## What to produce
Omitting every picture, copy the lines from the one that contains "Image of Missguided" through the last line of the records below, exactly and with nothing added.

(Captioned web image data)
┏━━
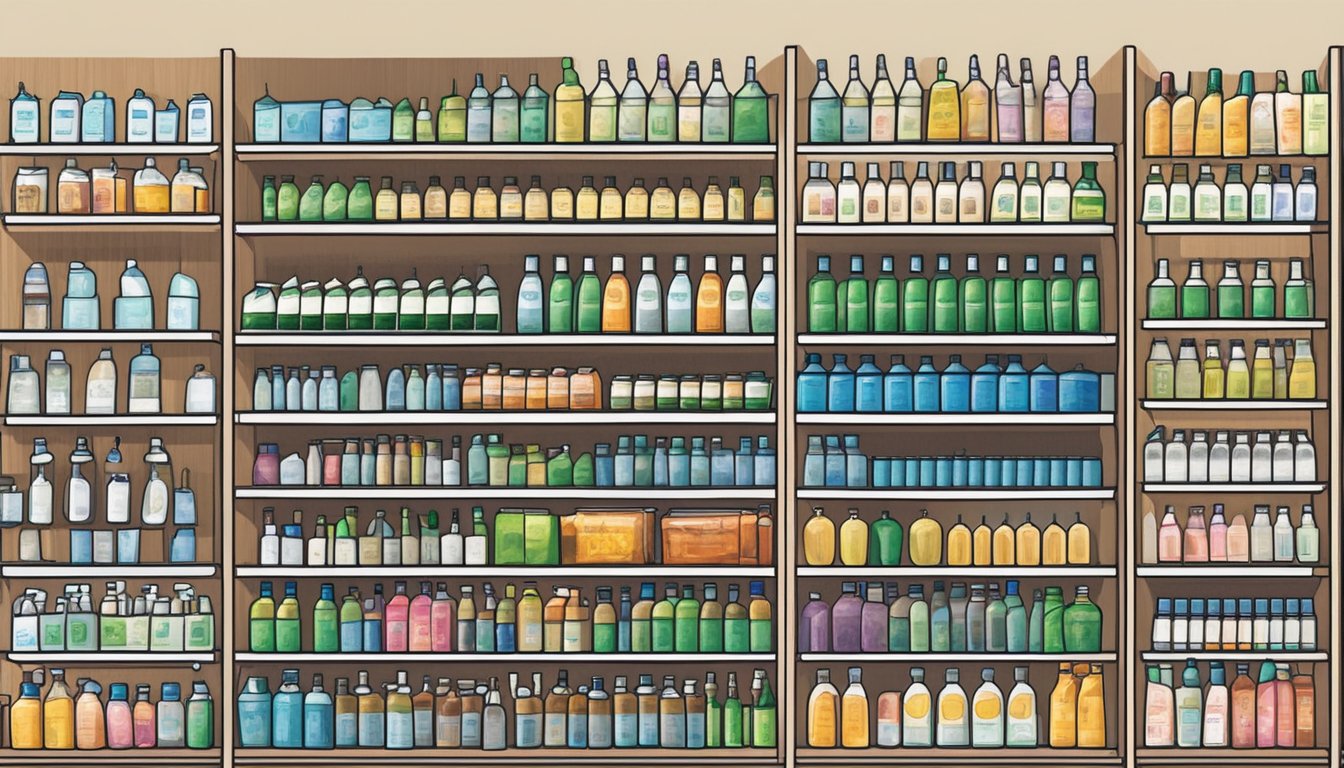 Shelves stocked with rubbing alcohol bottles in a Singapore store
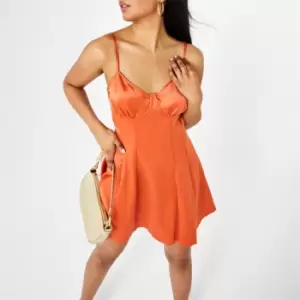 Image of Missguided Satin A Line Mini Dress - Orange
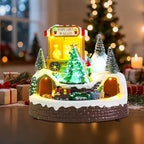WONDER GARDEN Christmas Village Houses-Christmas Houses Village - Lighted Colorful Musical Popcorn Wagon Collectible Buildings with Moving Train for Home Indoor Decor or Gift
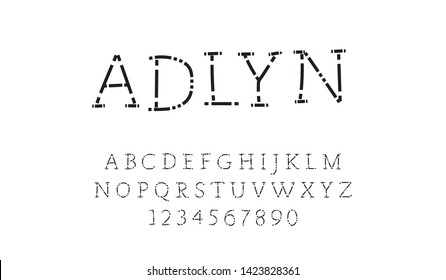 Trendy font. Minimalistic style alphabet. Decorative typeface. Letters for your design. Vector font
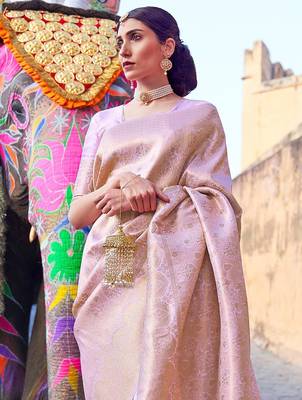 Pink pink & silver ethnic motifs pure linen saree 3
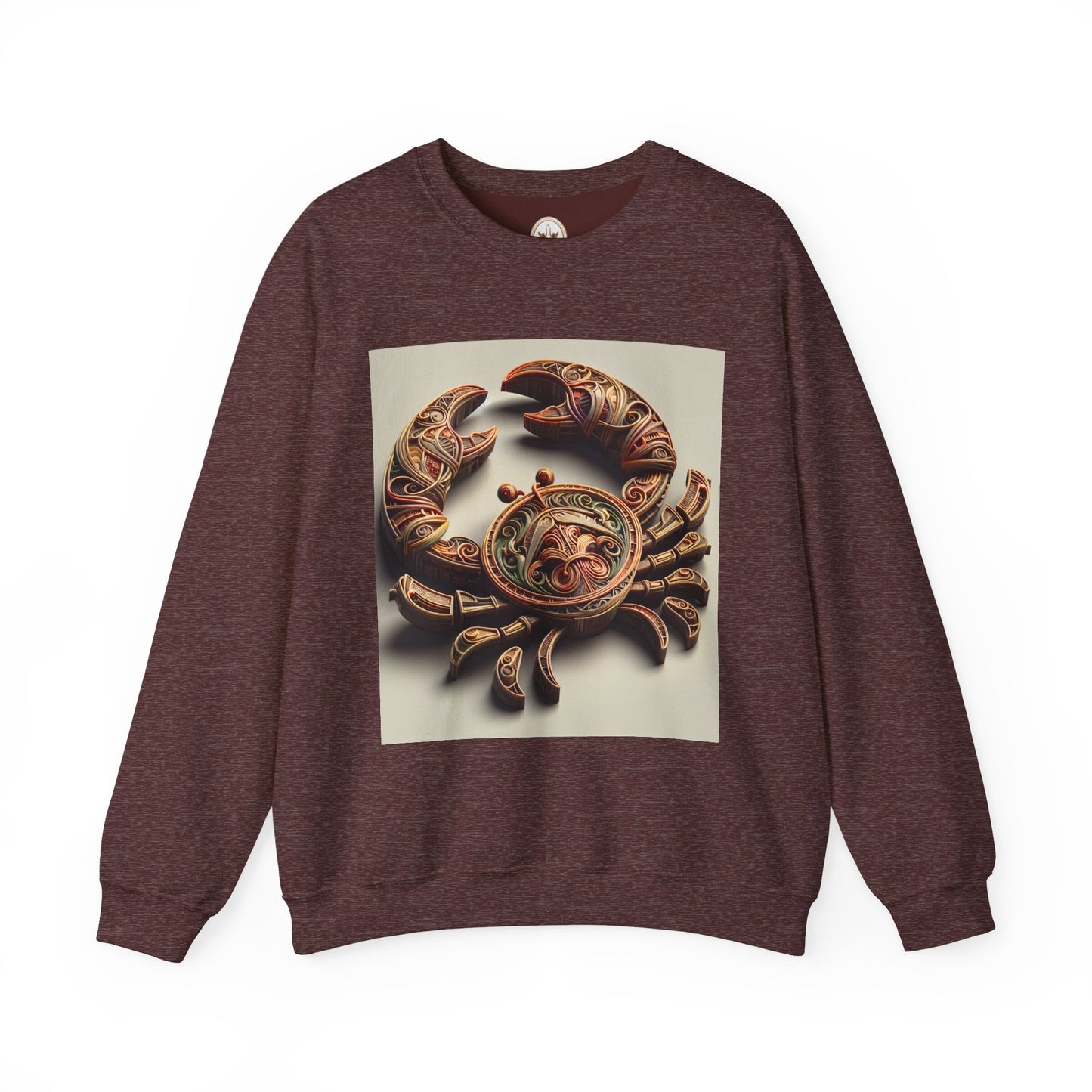 Unisex Heavy Blend™ Crewneck Sweatshirt, Crab Artifact, Cancer Zodiac Design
┗━━
## Answer for the task
 Image of Missguided Satin A Line Mini Dress - Orange
WONDER GARDEN Christmas Village Houses-Christmas Houses Village - Lighted Colorful Musical Popcorn Wagon Collectible Buildings with Moving Train for Home Indoor Decor or Gift
 Trendy font. Minimalistic style alphabet. Decorative typeface. Letters for your design. Vector font
 Pink pink & silver ethnic motifs pure linen saree 3
 Unisex Heavy Blend™ Crewneck Sweatshirt, Crab Artifact, Cancer Zodiac Design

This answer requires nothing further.